TV Jones  is a U.S. guitar pickup manufacturer in Poulsbo, Washington. Best known for manufacturing vintage-style Filter' Tron pickups, TV Jones pickups attempt to recreate the sound of vintage Gretsch guitars by using American-made materials and a manufacturing process similar to what was used in the late 1950s and 1960s by Gretsch. The company was founded in 1993 by guitarist and luthier Thomas V. Jones in Whittier, California.

History
Prior to the focus on guitar pickups, TV Jones was mainly in the business of guitar repairs and custom guitar making. Jones had a long list of famous clients, from working several years at a repair shop in Long Beach, California called the World of Strings. Clients included Brian Setzer, Michael Anthony and others. After his stint at World of Strings, Jones opened his own shop and launched the TV Jones Company, where he continued to attract star clients like Joe Walsh and John Fogerty simply through word of mouth.
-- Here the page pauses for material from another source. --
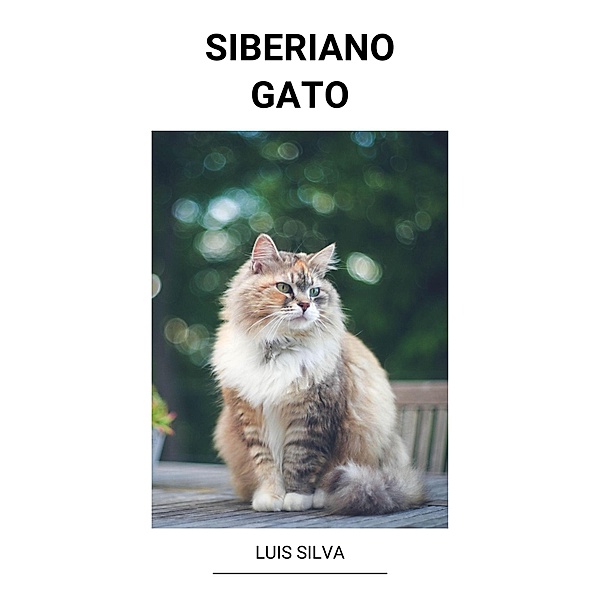 Siberiano (Gato), Luis Silva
In the early 1990s, interest turned to electronics and Jones began to examine pickups and the magnets used in various vintage models. Around this time he was asked to repair a number of guitars for Stray Cats / BSO guitarist Brian Setzer, whose guitar sound relied heavily on vintage Gretsch guitars. When the Gretsch Guitar Company was in the process of creating a Brian Setzer signature model, Brian conducted a “blind sound test” of various pickup models that were to be considered for use in these guitars. Tom's Hotrod pickup design was chosen because of its sound being the most faithful to the original. (At this point, the pickups Gretsch was using in their guitars were made of overseas parts and ceramic magnets).

Notoriety
Word soon spread that TV Jones was making “true-to-the-original” Filter'Tron pickups and many famous players demanded their guitars be outfitted with TV Jones pickups. The guitarists (especially Gretsch aficionados) became aware of TV Jones pickups and its popularity grew as the company expanded its product line into the Magnetron, Power'Tron, Super’Tron and Thunder’Tron models. As of 2010, TV Jones offers eight different pickup models around the world.

Users
Jim Heath (TV Classics)
Brian Setzer (TV Classics)
Billy F. Gibbons (Power 'Tron Plus)
Billy Duffy - The Cult (TV Classic Plus)
G. Love & Special Sauce (Power 'Tron)
John Mayer (TV Classics in Fender La Cabronita Telecaster)
Chris Cheney (TV Classic Plus, Power 'Tron)
Johan Frandsen (TV Classics/TV Classic Plus/Power Tron)
Noel Gallagher (TV Classics)
David Gilmour (TV Classics)
Sean Christopher - Villains Of Yesterday (TV Power 'Tron Plus)

Guitar Models
In 2008 TV Jones released the Spectra Sonic Supreme Guitar (which is an upgrade to the Spectra Sonic designed by TV Jones and manufactured & distributed by Gretsch in 2001–2007) and the smaller, lighter, solid-body Model 10. Both are designed by TV Jones and manufactured in Japan at the Terada factory where the most professional line Gretsch guitars are made.